Tune. Sound and beyond live at Haus der Kunst

Tune Okkyung Lee

Tune. Sound and beyond live at Haus der Kunst

Hier finden Sie eine Übersicht der aktuellen und kommenden „Tune“-Veranstaltungen.

Mit Caterina Barbieri, William Basinski, Galya Bisengalieva, Christelle Oyiri (Crystallmess), Beatrice Dillon, JJJJJerome Ellis, Emiranda, Okkyung Lee, Lolina, Kali Malone, Mechatok, Ihor Okuniev, Stephen O’Malley, Lucy Railton, Toxe und Wolfgang Voigt.

Für „Tune“, die Serie kurzer Sound Residencies im Haus der Kunst, sind die Künstler*innen eingeladen, Live-Performances, Filmvorführungen und Installationen zu präsentieren.
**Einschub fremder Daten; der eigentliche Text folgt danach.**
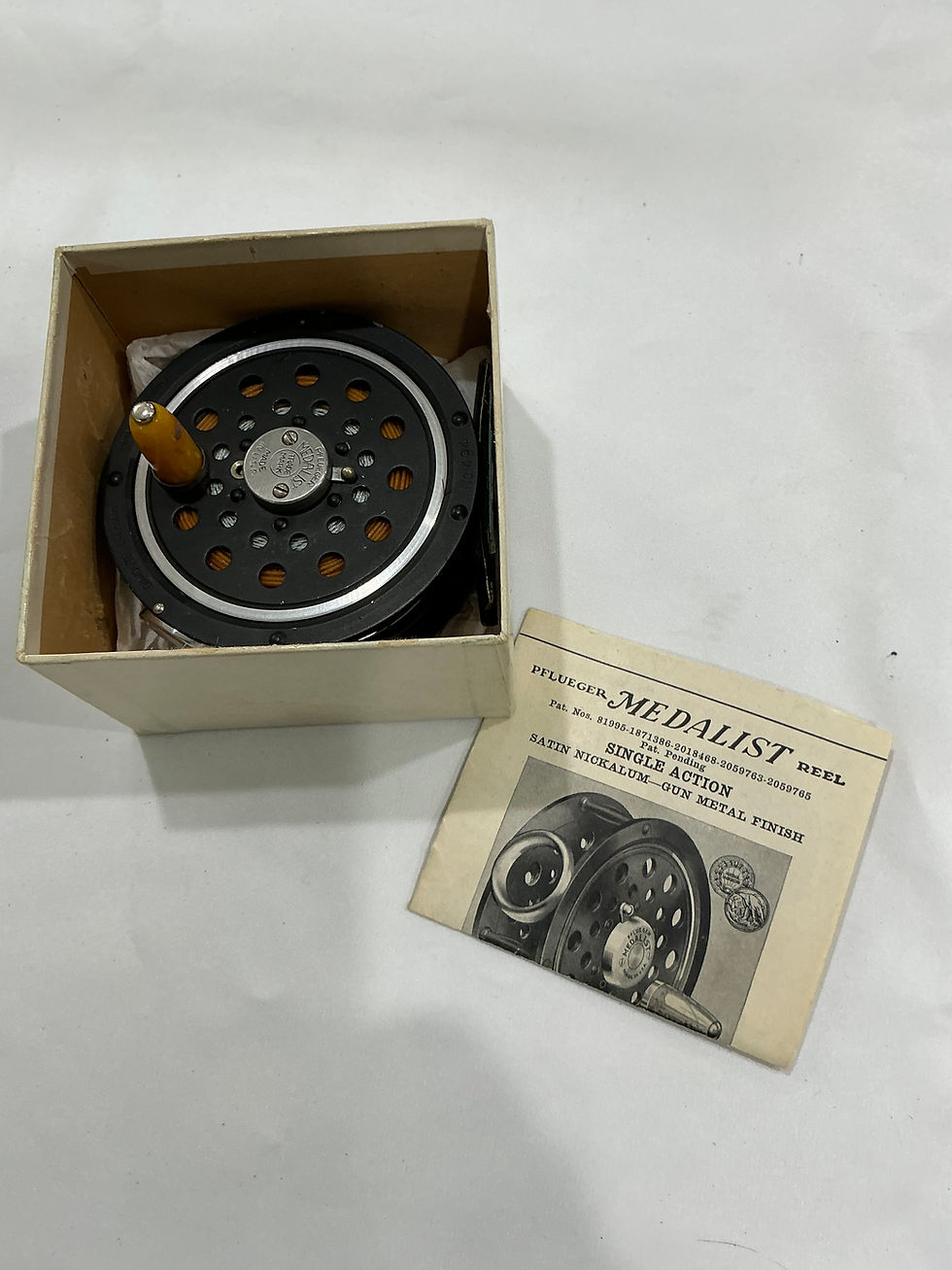 Thumbnail: Pflueger Medalist 1494  EXCELLENT CONDITION  circa 1937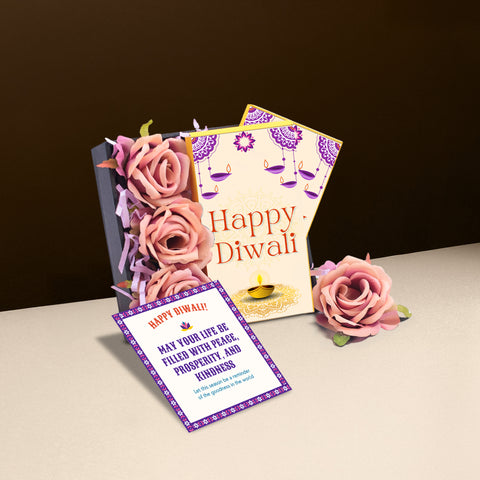 Diwali Photo Frame Chocolate Box – 2 Premium Bars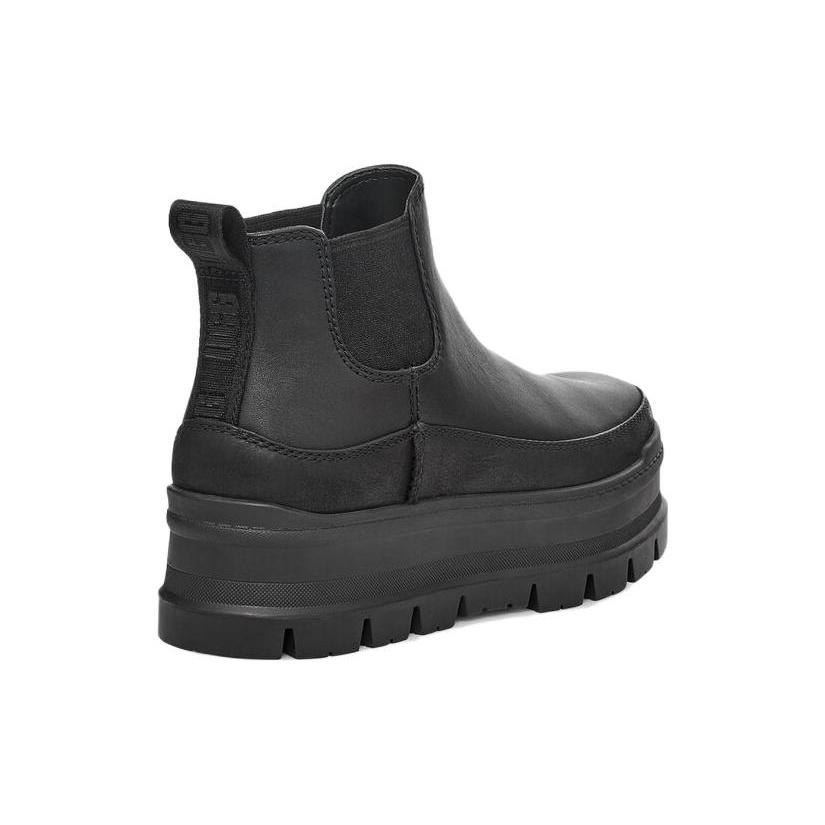 (WMNS) UGG Merina Platform Shoe 'Black' Women's 1130490-BLK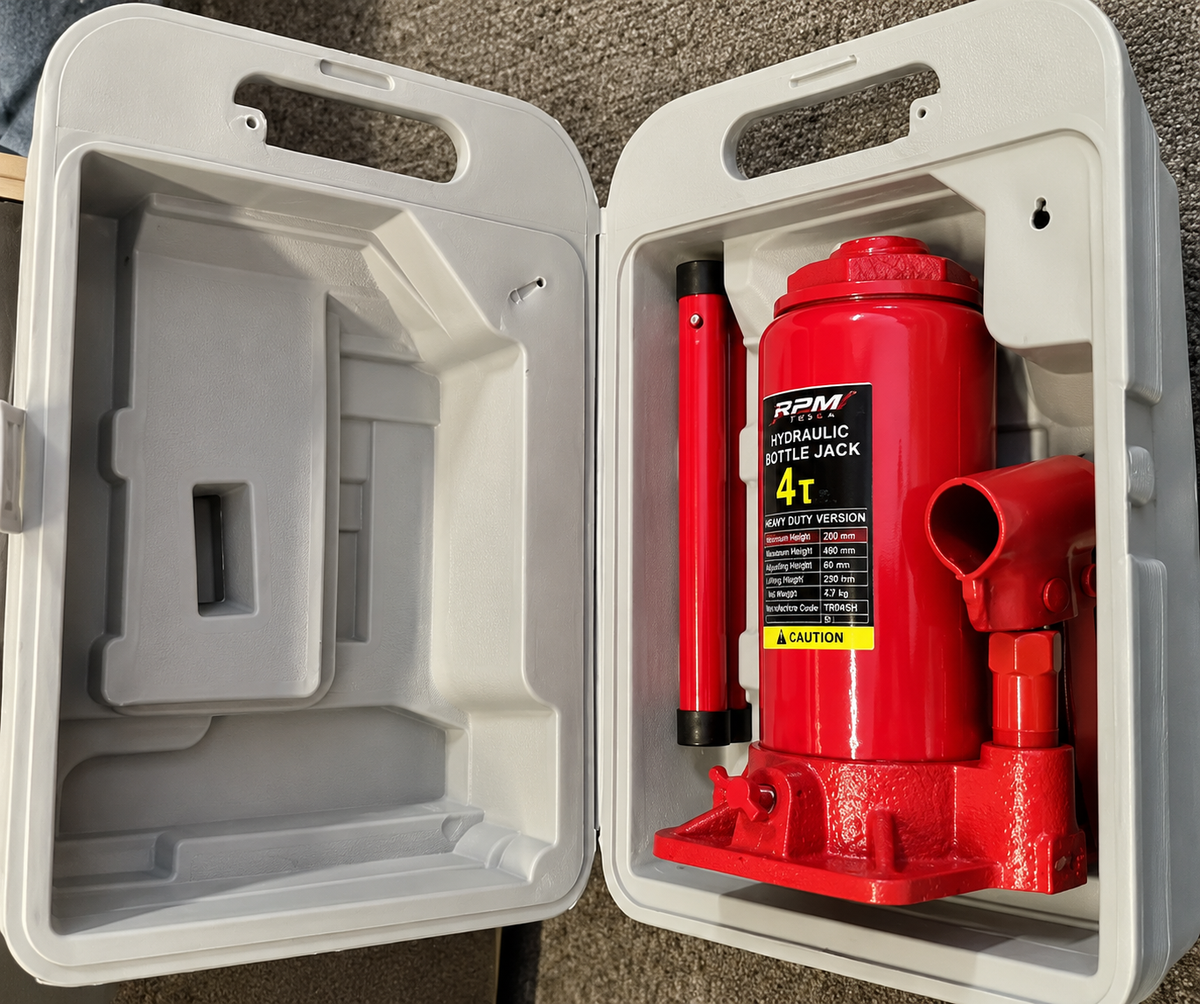 Flat Tire Lift Kit - Hydraulic Jack &amp; Accessories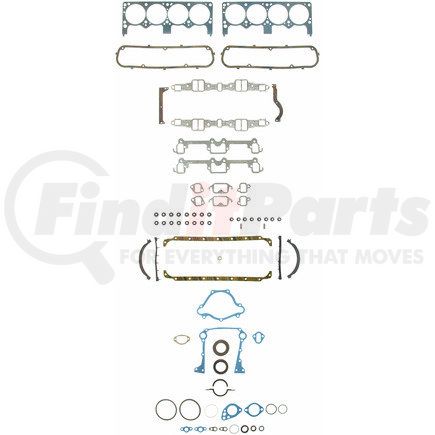 2601153 by FEL-PRO - Engine Gasket Set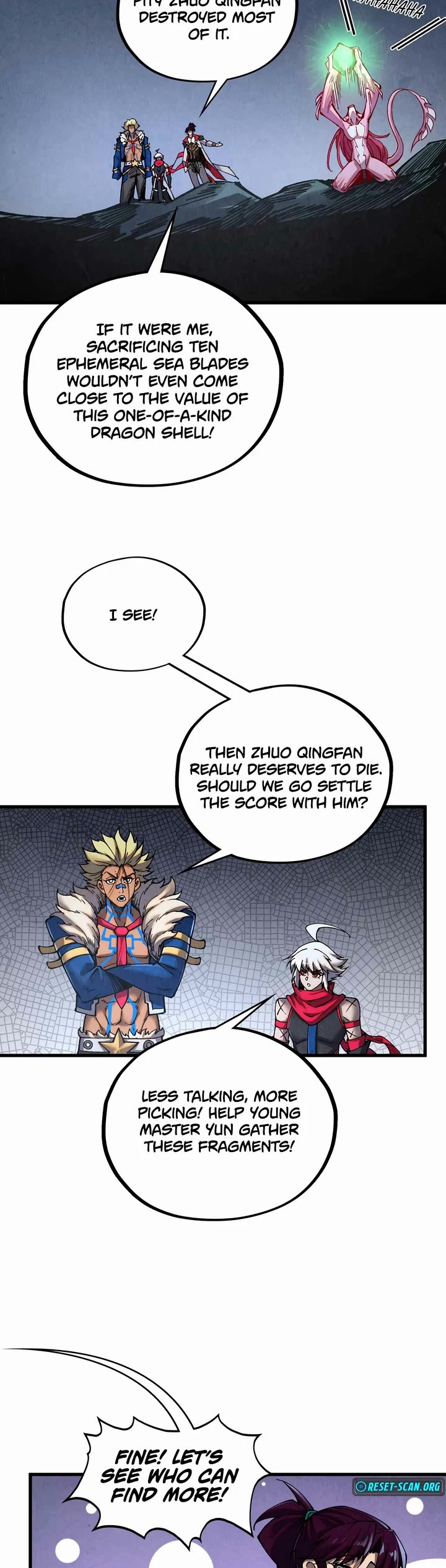The Ultimate of All Ages chapter 514 page 14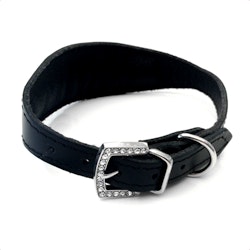 Nina Crystal Collar Black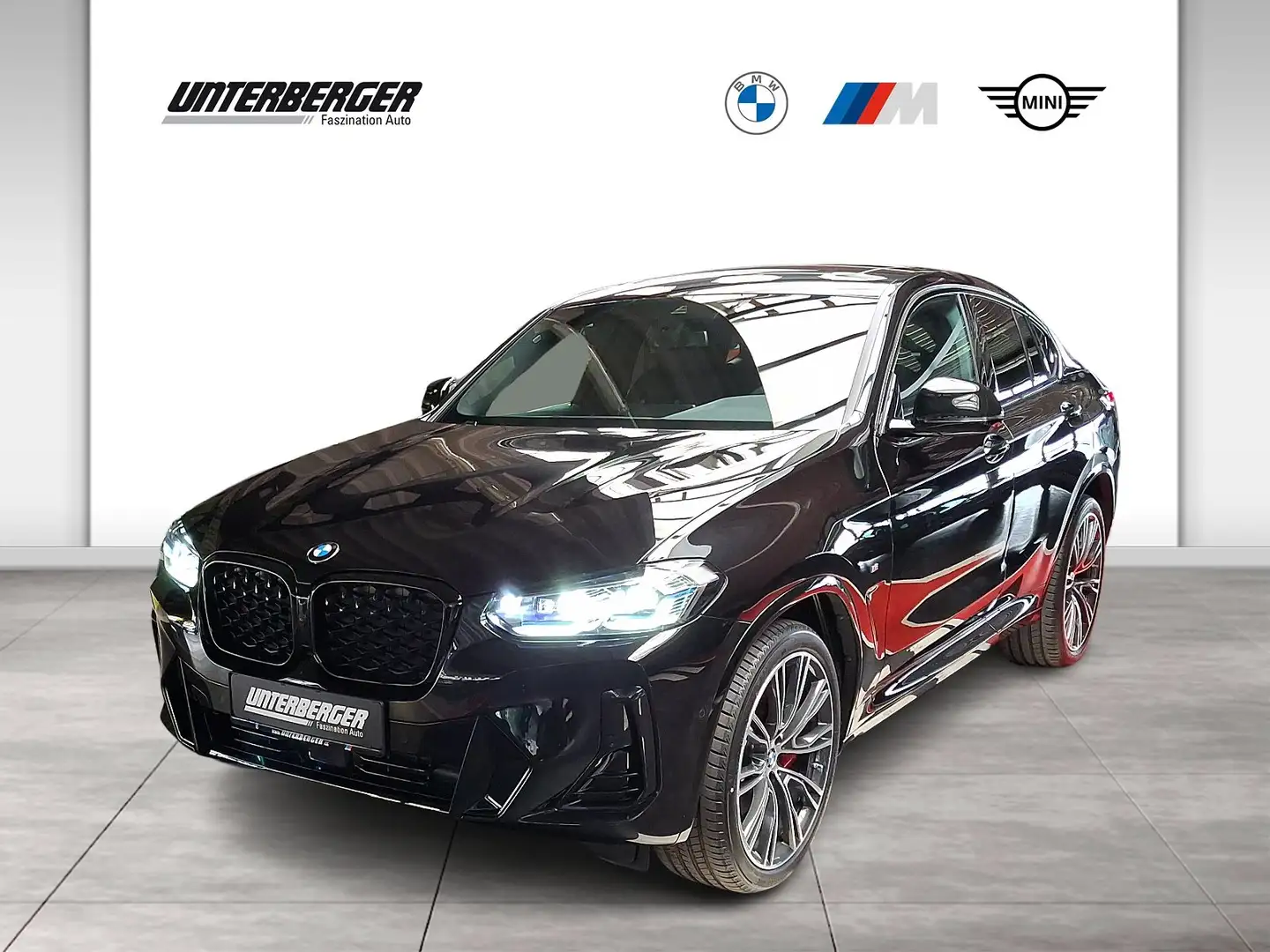 BMW X4 xDrive20d *3,99% Fixzins Leasing* M Sportpaket // Schwarz - 1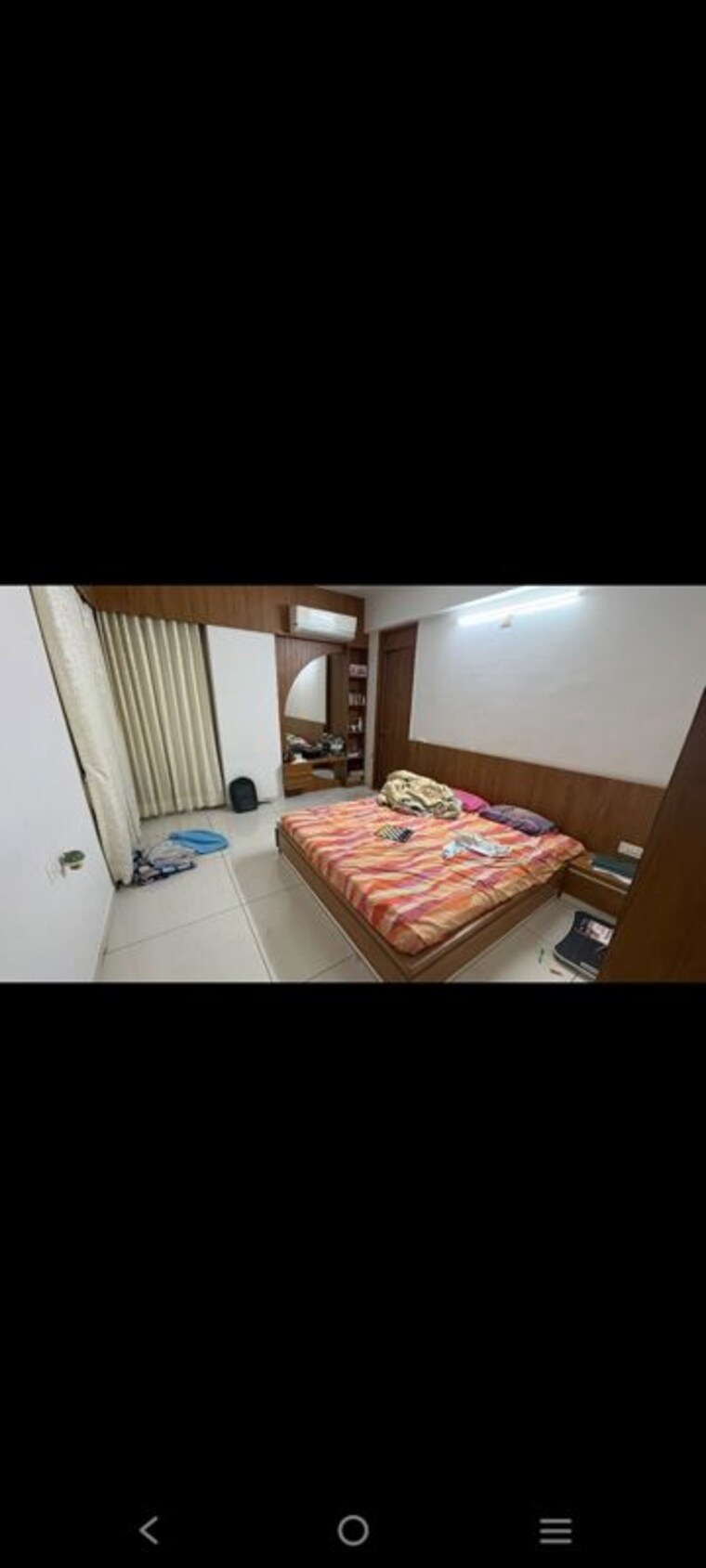 Bedroom, dharti-skyline 3 Bedroom 2180 Sq.Ft. Apartment In Jagatpur Ahmedabad 10725694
Bereits 2021 galt unsere besondere Aufmerksamkeit Künstler*innen, die mit Klang verwobene Geschichten erzählen und aus der linearen Zeit heraustreten. 2022 wird die Reihe fortgesetzt, im Dialog mit den aktuellen Ausstellungen wird es um Textur und Gestalt des Klangs gehen sowie um verschiedene Arten der Performance.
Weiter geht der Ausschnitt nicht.